* _Exercise instructions_:
Copy exactly, from the beginning of the material below, every line up to and including the one holding "ALTERNA菊川Ⅱのキッチン|冷蔵庫置場", with the pictures left out.

--------

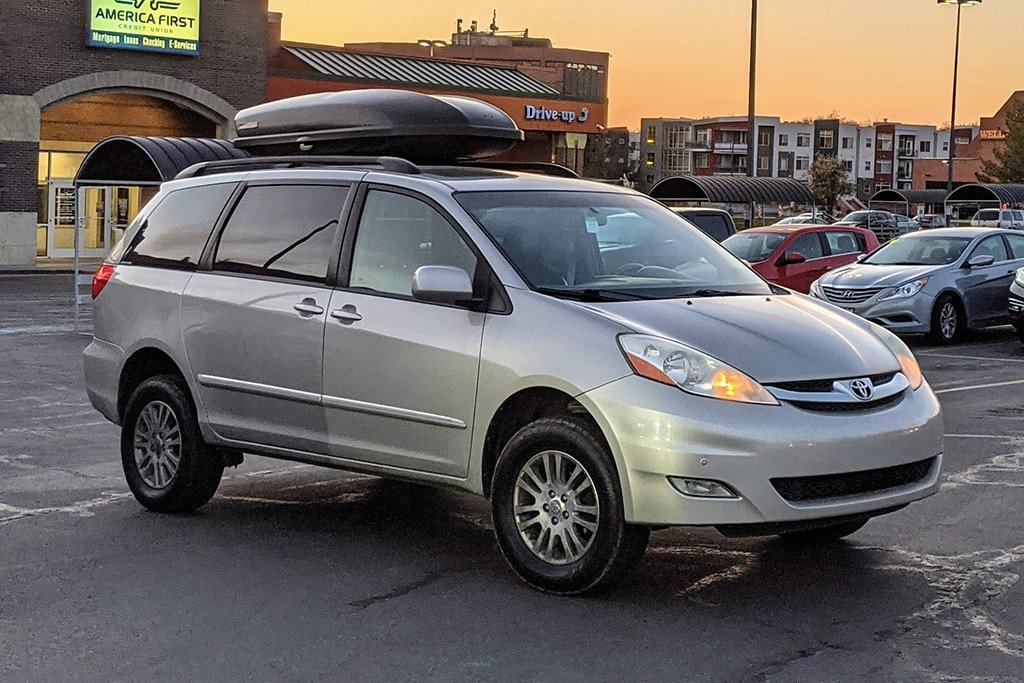 lifted-toyota-sienna.jpg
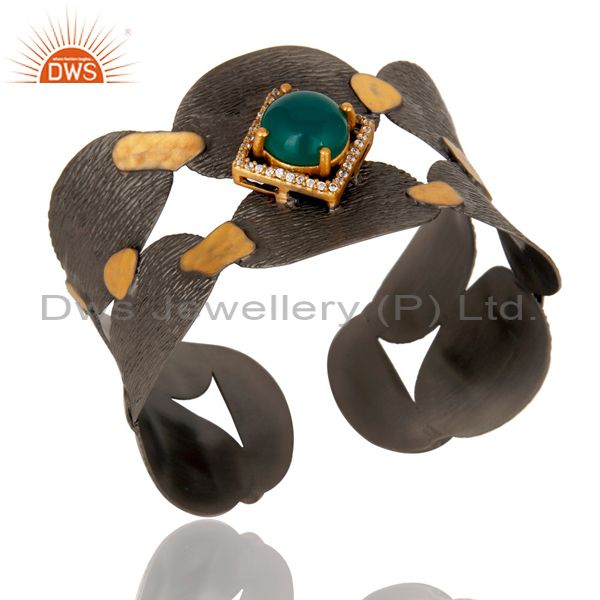 Exporter Green Onyx and Zircon Black Oxidized Hammered and Scratched Handmade Cuff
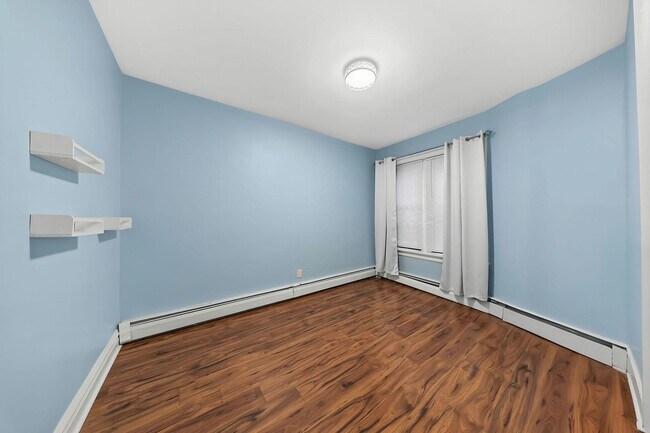 Building Photo - 247 Montgomery St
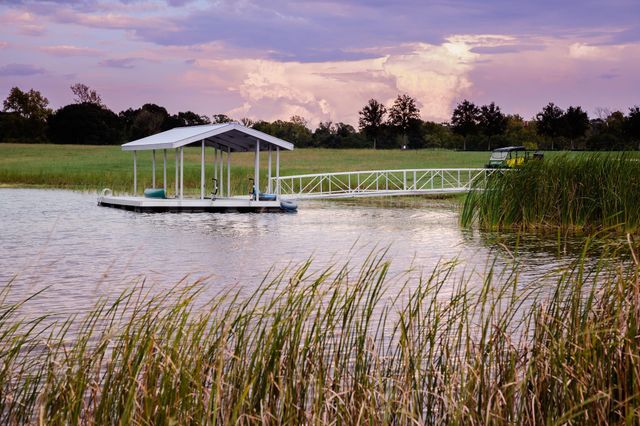 3896 Cr 305, Whitehall, TX 77868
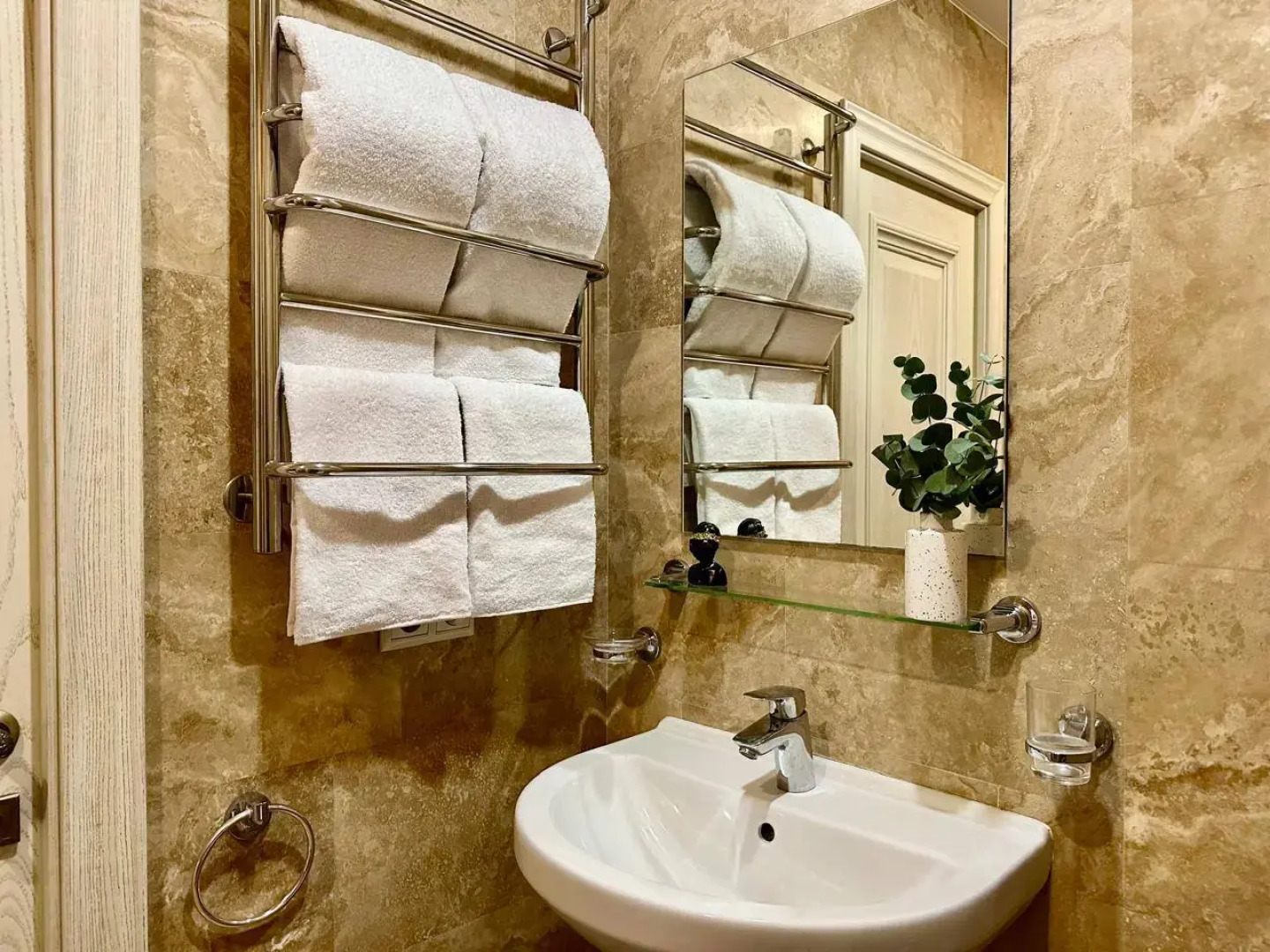 Апартаменты 2-х комнатные ГОРЫ рядом с казино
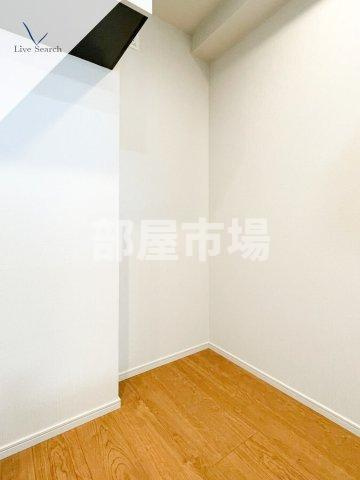 ALTERNA菊川Ⅱのキッチン|冷蔵庫置場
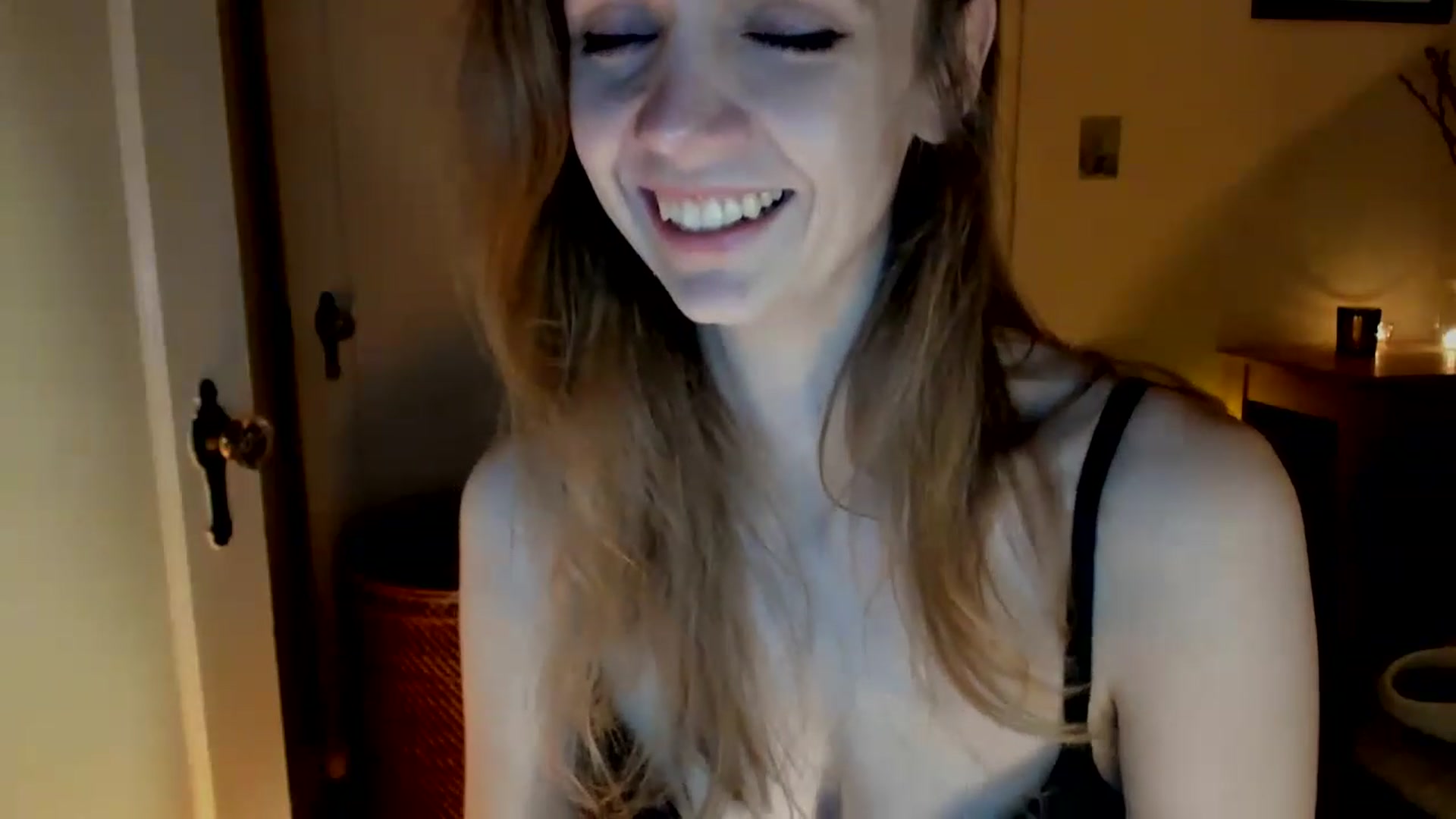 Gallery image thumbnail from muffinmoon's myfreecams stream on, 02/19/2023, 08:35 image 13 of 20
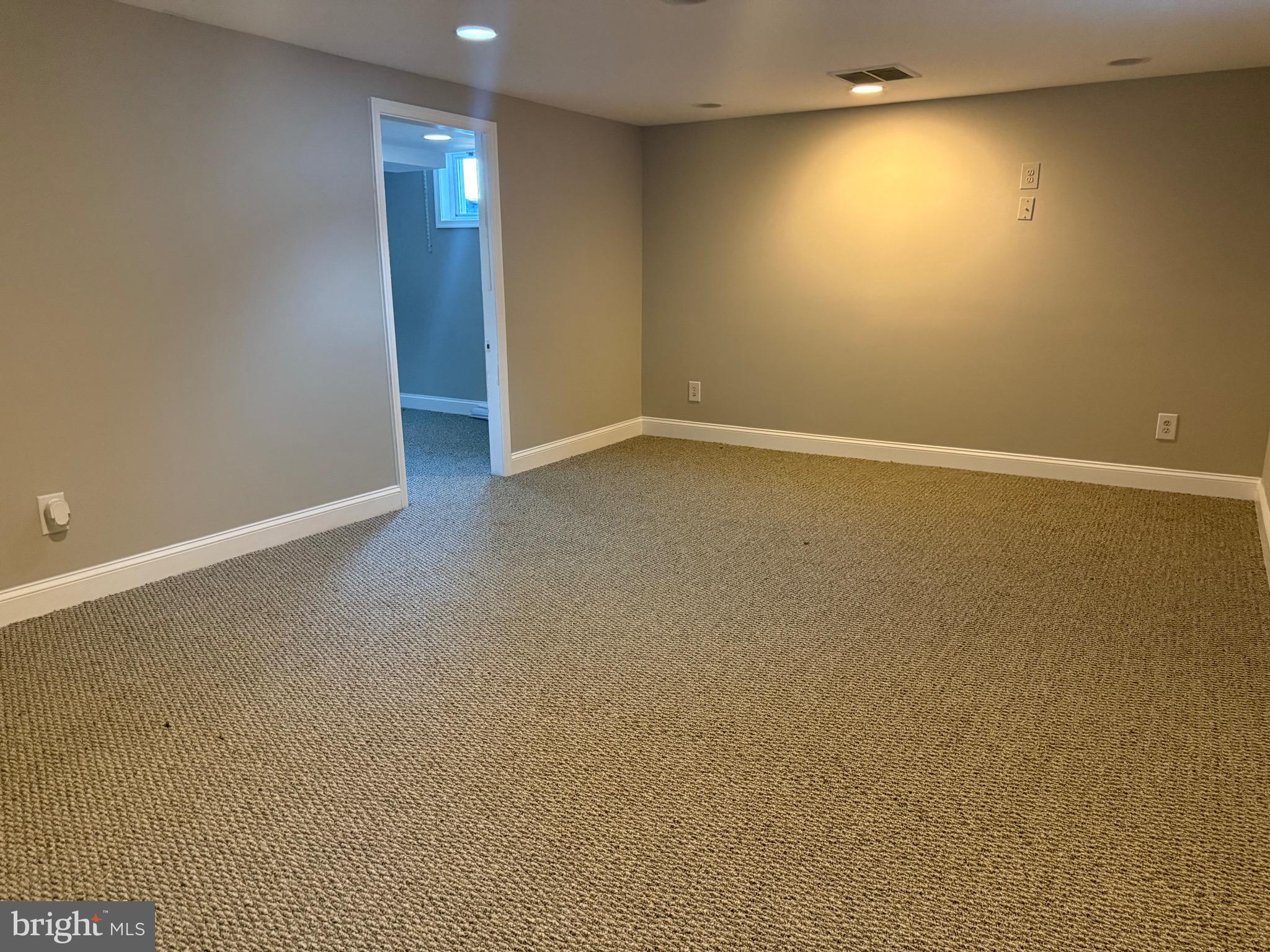 DISTRICT HEIGHTS - Residential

--------

* _Result_:
 lifted-toyota-sienna.jpg
 Exporter Green Onyx and Zircon Black Oxidized Hammered and Scratched Handmade Cuff
 Building Photo - 247 Montgomery St
 3896 Cr 305, Whitehall, TX 77868
 Апартаменты 2-х комнатные ГОРЫ рядом с казино
 ALTERNA菊川Ⅱのキッチン|冷蔵庫置場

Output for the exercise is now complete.